I engaged with Cassy straight away, though Norman puts us in both Diana and Cassy’s heads. Of course it’s hard to read this without a sense of cynicism and I kept trying to challenge myself to try to imagine being Cassy… unhappy with life and reaching out for something. It’s easy to watch something unfold from the outside and see the inherent dangers but far more difficult to imagine what leads someone to that point of desperation. Or temptation. There’d be no addiction or co-dependence or bad habits if people weren’t fragile and have many needs that we struggle to meet ourselves.
Littered through the book are a fictional cult expert’s pointers for mind control and Norman cleverly prefaces each chapter with the tactic the group is utilising at that point in Cassy’s recruitment. Again, we’re looking from the outside, so even when Cassy (very occasionally) prevaricates it’s hard not to want to reach in and shake her.
Of course the challenge of this book is that many of those who are part of the Gethsemane community are there for reasons that make sense. Even for the ‘right’ reasons. And at the end of the book – the camp’s spokesperson tries to stop the media demonising the camp and promote its commitment to sustainable living, self-sufficiency and sense of community.
It’s a reminder – as I’ve discovered in many books lately (and perhaps as a reflection of life in general in this increasingly online and angry world) – that it’s almost impossible to look at things in black and white. People aren’t necessarily good or bad. And they’re usually that way because of past experiences or ingrained perceptions. I think it says more about their character if they’re not prepared to accept others’ points of views or opinions AFTER enlightenment / access to new information and experiences.

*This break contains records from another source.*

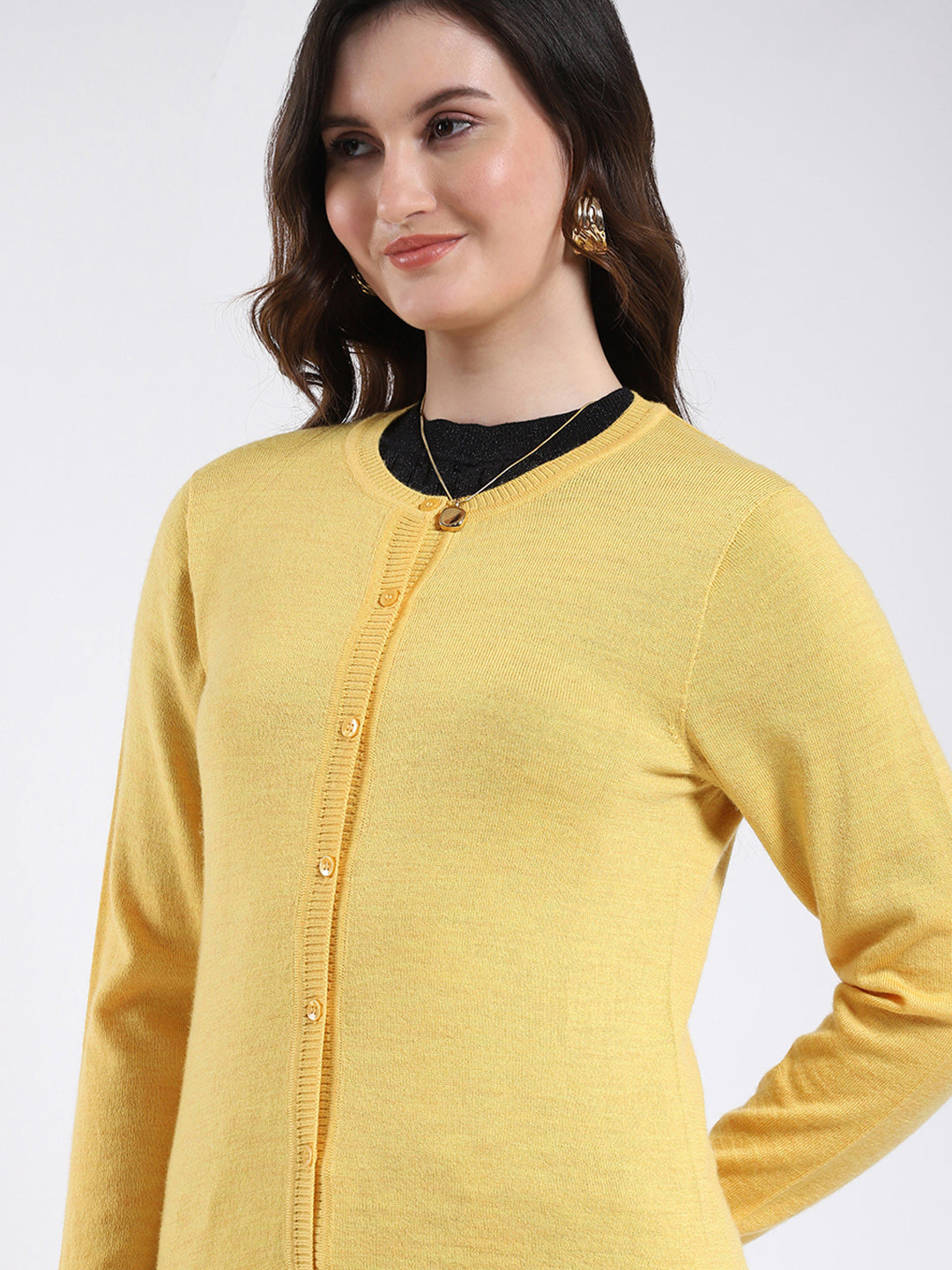Luxuria Women Yellow Solid Round Neck Full Sleeve Cardigan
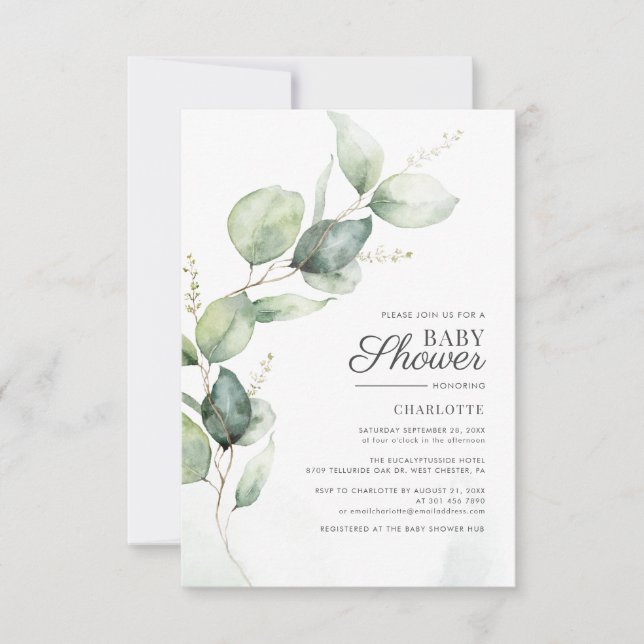 Invitación Eucalyptus Greenery Baby Shower (Anverso)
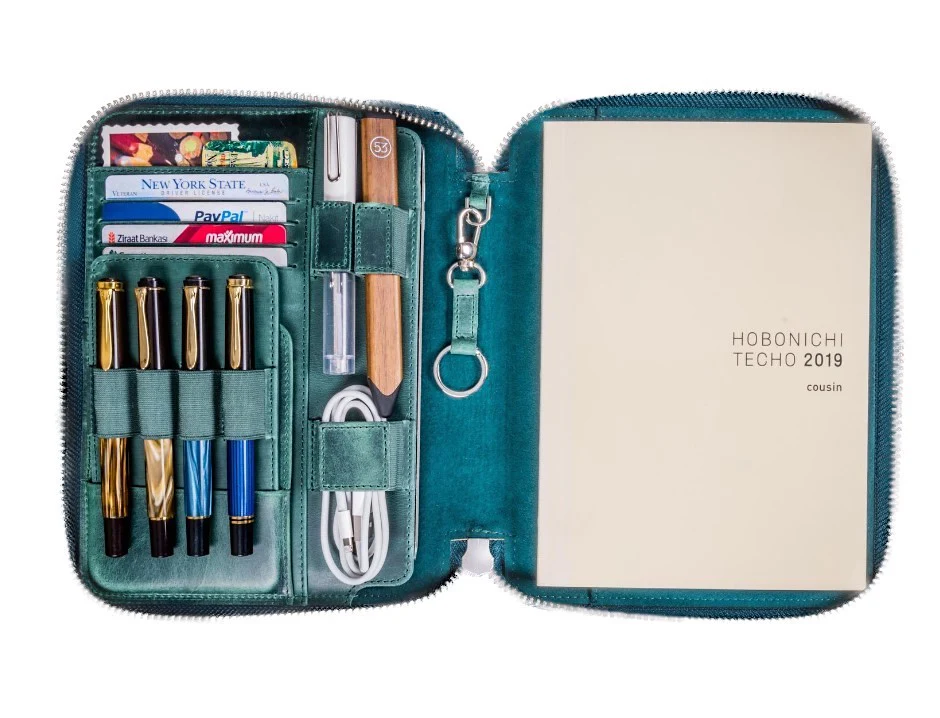 Galen Leather Zippered Hobonichi Cousin A5 Planner Folio - Crazy Horse Forest Green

This is a complete aside, but I’ll always remember a documentary I watched about racism and apartheid in South Africa. It was the mid 1990s and I was working as a volunteer in neighbouring Mozambique. The show was about a number of events and their repercussions. (Essentially acts of violence and retaliation.) Ultimately someone attempted mediation in the post-apartheid SA. I’ll never forget the words of white South African after meeting his son’s killers and (I guess) a bit of a change to the culture in his country. He knew nothing else, he said. Everyone in his life told him certain things about black Africans. He had no reason to doubt what they said as he’d grown up believing it to be true (they were all dumb, violent, dirty, savages). There were no dissuading voices. Until, things changed. He met black South Africans and was gobsmacked. These weren’t the people he’d been led to believe they were.
I watched this documentary with friends and there was much debate afterwards. Most of my friends at the time, were unable to forgive this man’s earlier attitude. On the other hand, it’s obviously had me pondering on the very topic for the 20-odd years since.
Which brings me back to my point (sorry!) and it’s about our ability – once we have the information we need – to be able to look at something from a range of viewpoints. To walk in someone else’s shoes as Atticus Finch and Harper Lee would suggest. Zealots exist everywhere. In religion, politics and in sport. This book reminded me of the importance of acceptance and of tolerance.
I also kinda liked that – though Justin had his foibles and fell into a few of the usual cult leader classics – Norman didn’t write him as a caricature. There were elements of what we come to expect from books and TV shows (and the odd documentary) but Justin and his followers were also just people looking for some peace and purpose; many starting afresh with their lives and others, born into the community…. knowing nothing else.
See You in September by Charity Norman was published in Australia by Allen & Unwin and is now available.
I received a copy of this book from the publisher for review purposes.